Brief descriptive captions:
□ □ □ □ □

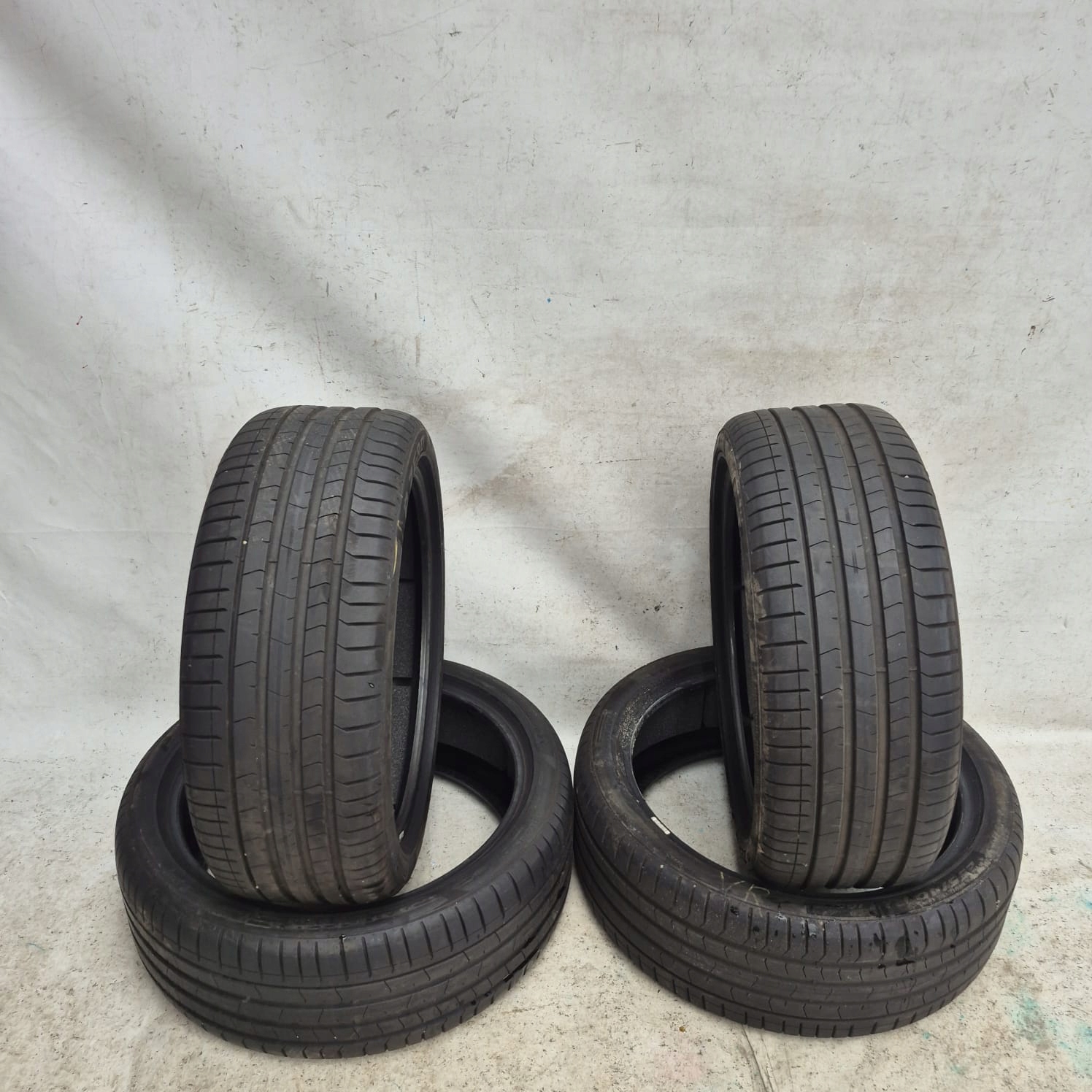 PIRELLI P ZERO 255/40 R21 pneumatici, gomme estive
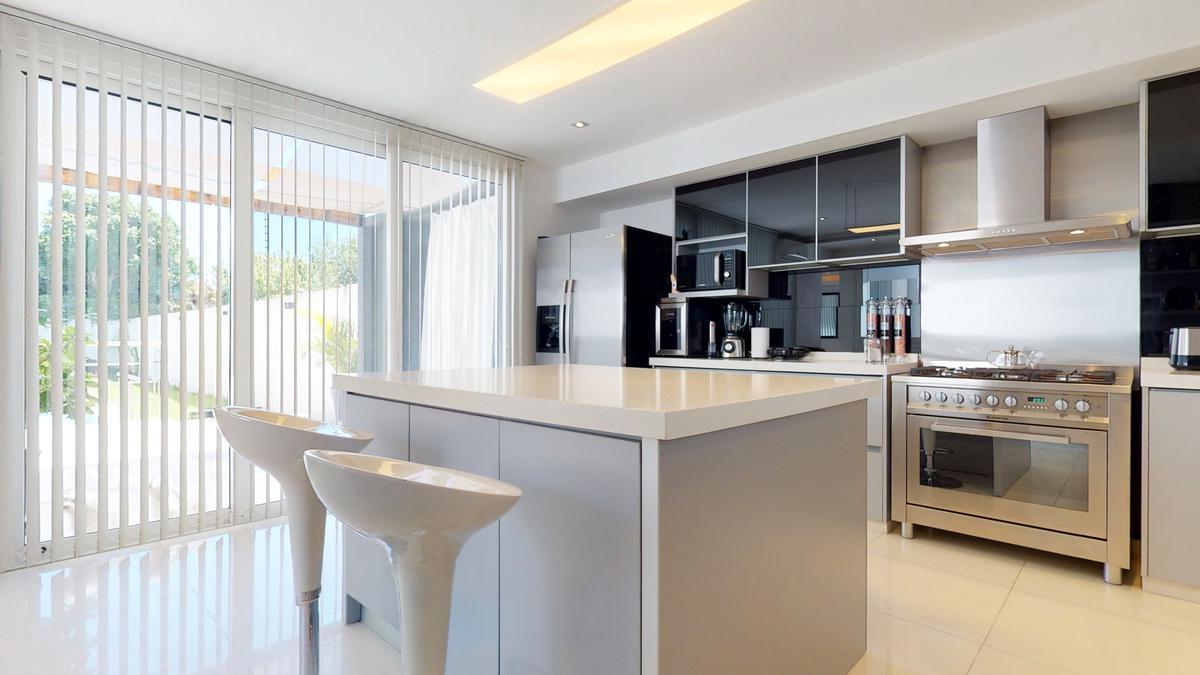 Casa de Categoría en Venta en La Plata 2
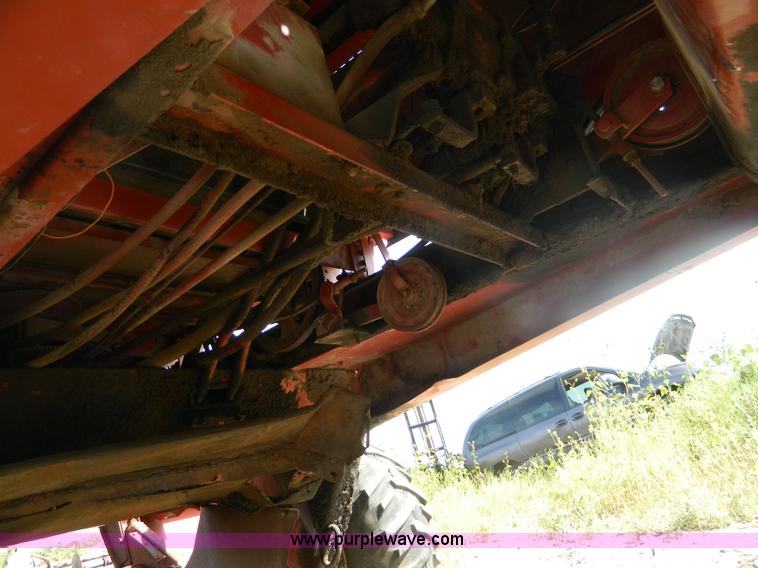 image for item B3895 Hesston 6450 self-propelled swather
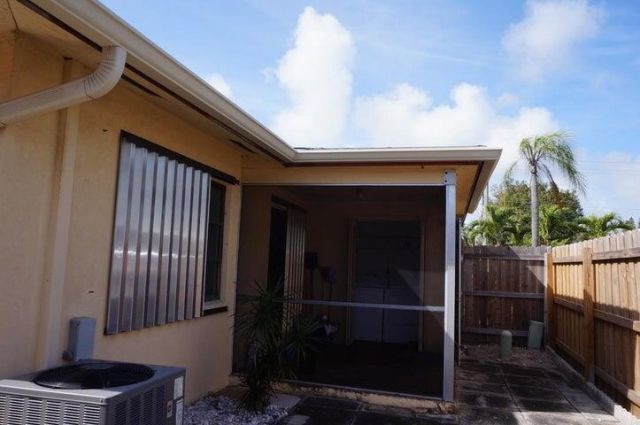 1716 Barton Court, Lake Worth Beach, FL 33460 Photo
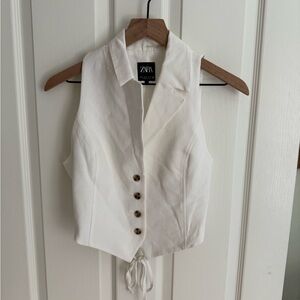 Zara Women's Cream Buttoned Vest Top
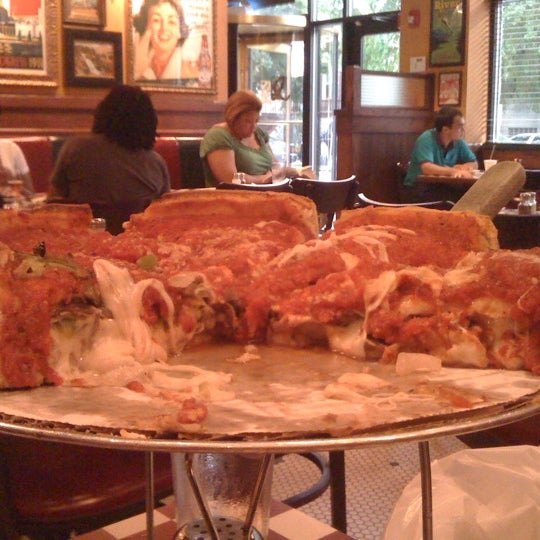Photo taken at Giordano&#39;s by Ph!|£|\|@ on 7/11/2011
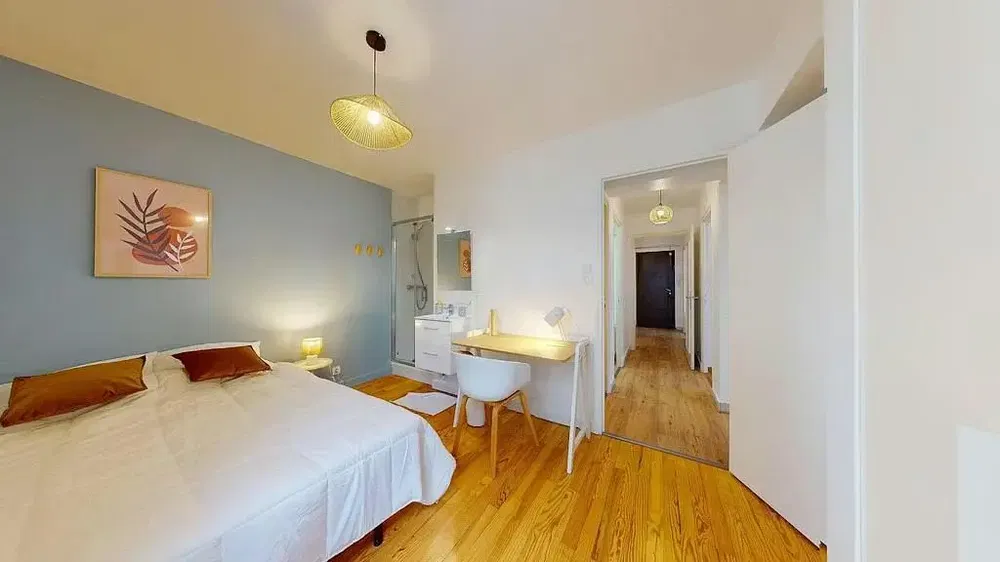 Спаваћа соба; дрвени под, природно светло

□ □ □ □ □

# WHAT IS EXPECTED
Transcribe every record exactly and omit each image.

# WRITTEN ANSWER
 PIRELLI P ZERO 255/40 R21 pneumatici, gomme estive
 Casa de Categoría en Venta en La Plata 2
 image for item B3895 Hesston 6450 self-propelled swather
 1716 Barton Court, Lake Worth Beach, FL 33460 Photo
 Zara Women's Cream Buttoned Vest Top
Photo taken at Giordano&#39;s by Ph!|£|\|@ on 7/11/2011
 Спаваћа соба; дрвени под, природно светло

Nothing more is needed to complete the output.